プレジデントオンライン / 2023年4月29日 17時15分

※写真はイメージです - 写真=iStock.com/kuppa_rock

人生後半を楽しく生きるコツは何か。明治大学文学部教授の諸富祥彦さんは「中高年はフロイト『断念の術』を知るといい。熟年離婚や配偶者との死別など大切な何かを失うことが増えたときに涙も枯れ果てるほど悲しみつくすと、また若々しく生命の力が湧いてくる」という――。

※本稿は、諸富祥彦『50代からは3年単位で生きなさい』(河出書房新社)の一部を再編集したものです。

■フロイト「断念の術」を心得ることが人生後半の秘訣

中高年にとってカウンセリングは大きな意味を持っています。中高年になると、いろいろなものを「失っていく」からです。
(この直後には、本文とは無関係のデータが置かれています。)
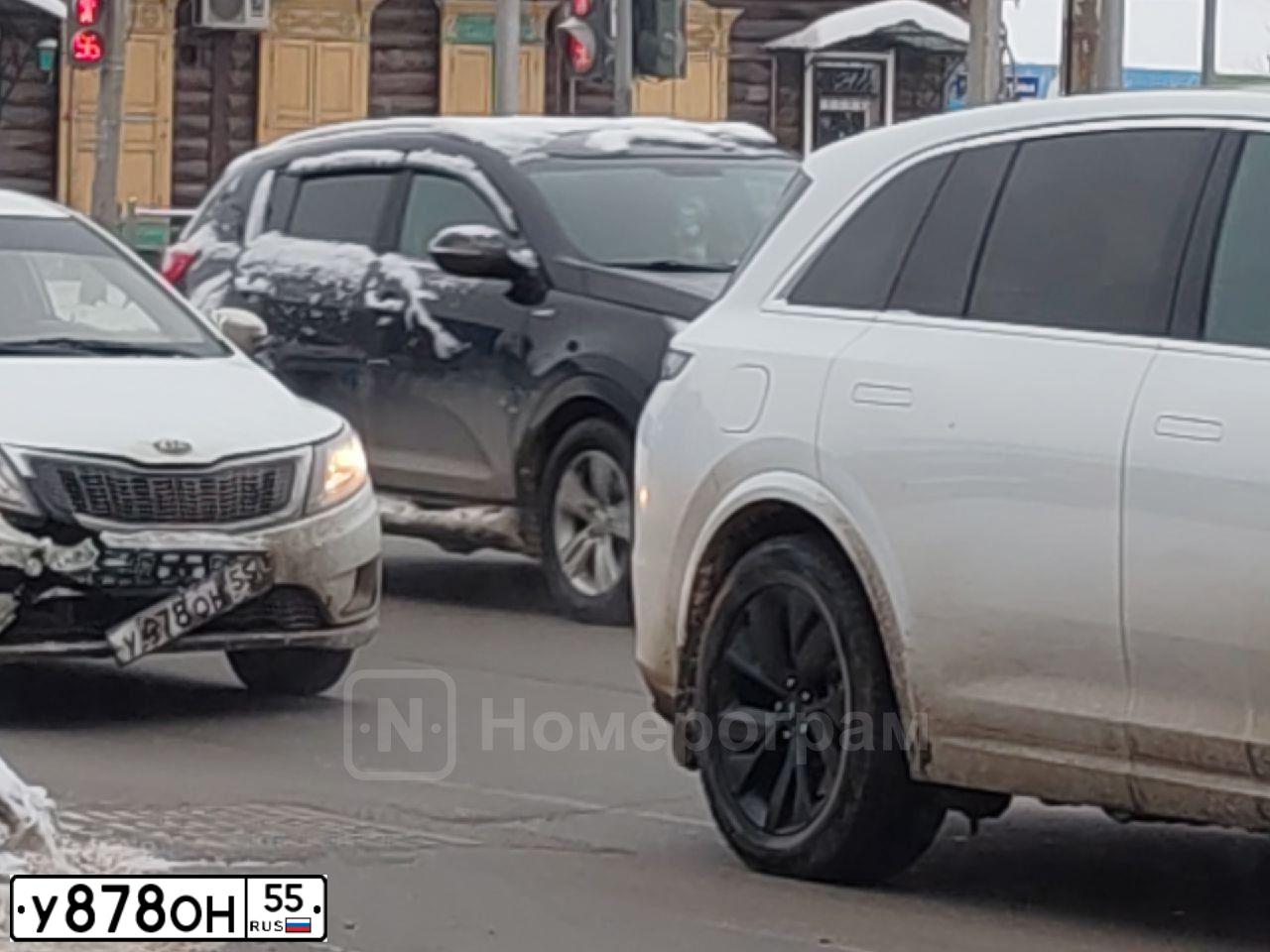 Фото автомобиля TOYOTA CAMRY, 2014 — госномер А116ХЕ155. Цвет: Белый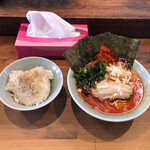 鶴一家 - 地獄ラーメンと小ライス　880円+120円(税込)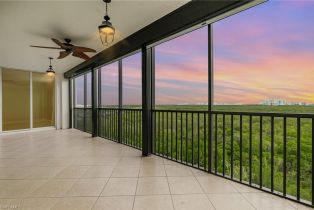 High Rise (8+), 455 Cove Tower Dr # 902, Naples FL 34110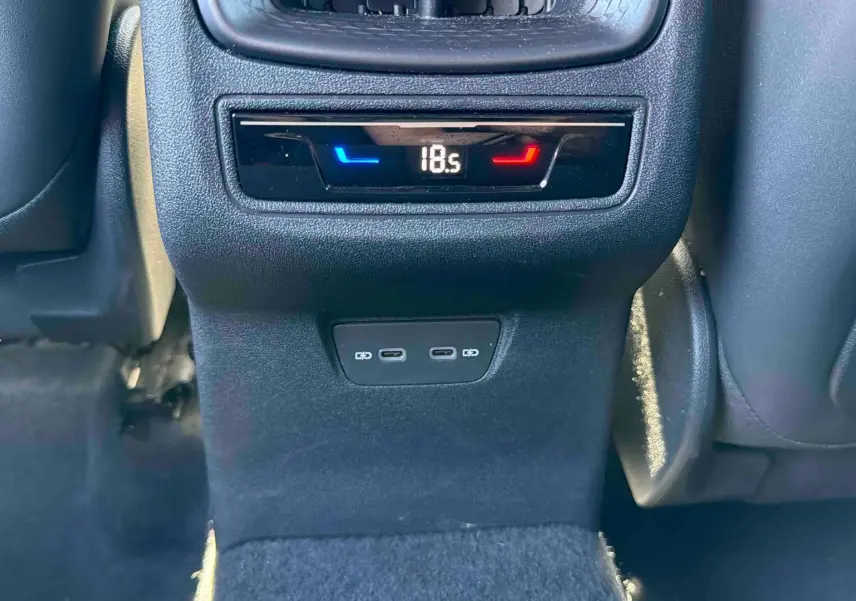 Détail de la console arrière avec commandes climatisation et deux ports USB-C du CUPRA Terramar gris 2025.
まずは体力が衰える。視力も衰える。歯も弱くなる。体力もなくなる。夜、熟睡できなくなる。記憶が低下する。健康が失われていく。

自分の人生の残り時間が失われていく。

自分にとって「大切な何か」を次々と失っていきます。

これを「対象喪失」といいます。

「大切な何か」は健康であったり、お金であったり、「大切な人」であったりします。

自分がずっとしていた「仕事」とか「夢」とか「願望」とか、「絶対にこれは成し遂げる」と思っていて、あきらめがつかない「何か」かもしれません。
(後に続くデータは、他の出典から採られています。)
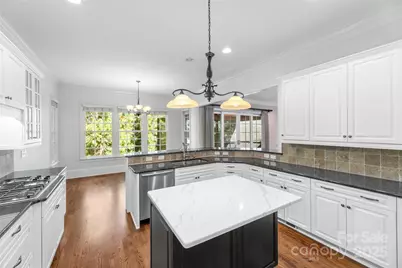 8928 Heydon Hall Circle, Charlotte, NC 28210 - Photo 7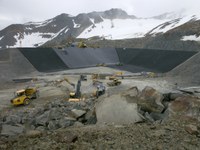 Building – a bottomless pit?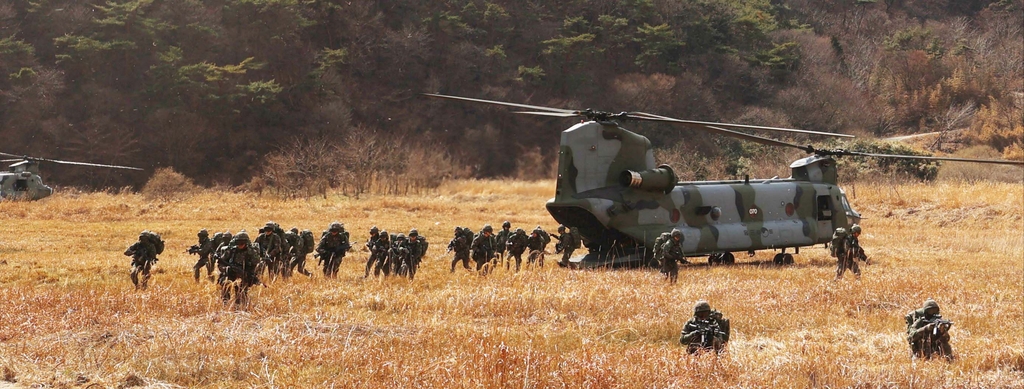 '적 후방 침투해 공격하라'…육군 공정·공중강습작전 합동훈련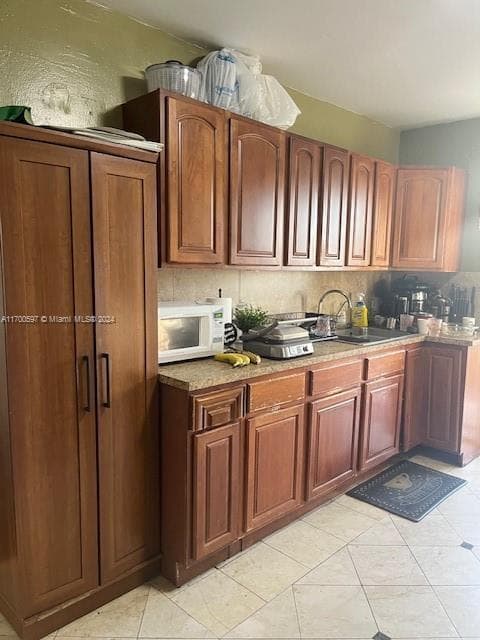 161 NW 35th St, Miami FL 33127 — 7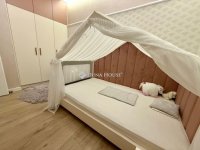 Eladó téglalakás, Pécsett 175 M Ft, 4 szobás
会社員であれば、「自分の社会的立場」や「役職」を失う。役職定年がまずあって、そして本当の定年が来る。これは、会社人間にとっては大きな喪失感です。

しかし、さまざまな「対象喪失」の中でも、何といっても大きいのは「自分にとって大切な人」を失うことです。たとえば配偶者です。死別もあれば離別の場合もあるでしょう。

後者の場合、熟年離婚を突き付けられることもあります。65歳の定年と同時に熟年離婚を突き付けられることもあるでしょう。これは相当に大きな心のダメージになります。

精神分析ではこの「対象喪失」を最も重要な概念の1つに位置付けます。自分にとって「大切な何か」を失ったら当然、大きなショックを受けます。この「失い方」が、その後の人生や人格に大きな影響を与えるのです。

フロイトは言います。

「断念の術さえ心得れば、人生もけっこう楽しい」

これはとりわけ、中高年の生き方の極意を示していると思います。

「大切な何か」をあきらめる。

断念する。

その「断念した自分」を受け入れる。これは、中高年のカウンセリングで大きな役割を占めます。

心から断念することができれば、そして断念した自分を受け入れることができれば、人生は何とかなるものです。これは中高年にとっては、とても大きな課題です。

■近親者の死といかに向き合っていくか

特に大切な人との死別は大きな心のダメージになります。

フロイトは41~42歳の時に父親を亡くして、大きなショックを受けます。この心の「喪の作業」は「モーニング(mourning)」、「喪のプロセス」と言います。これをフロイトは、2年くらいかけて行なっていった。

精神分析では、回想の中で死んだ人との関係について扱っていきます。回想や、空想の中で、その人のことを「対象」と呼ぶのですが、「対象関係」を扱っていきます。つまり「心の中での他者との関係」を理解していく。これが精神分析の本質です。

その際、近親者の死が、大きな課題になります。この死別による喪失を「ビリーブメント(bereavement)」と言います。妻が夫を亡くしたり、夫が妻を亡くしたり、子どもが親を失ったり、親が子どもを失ったりと、さまざまなケースがあります。

夫、妻、どちらが先に死んだ場合でも、残されたほうがその後1年間に死ぬ死亡率は、夫婦が共に健在な場合に比べて2倍くらいになるといいます。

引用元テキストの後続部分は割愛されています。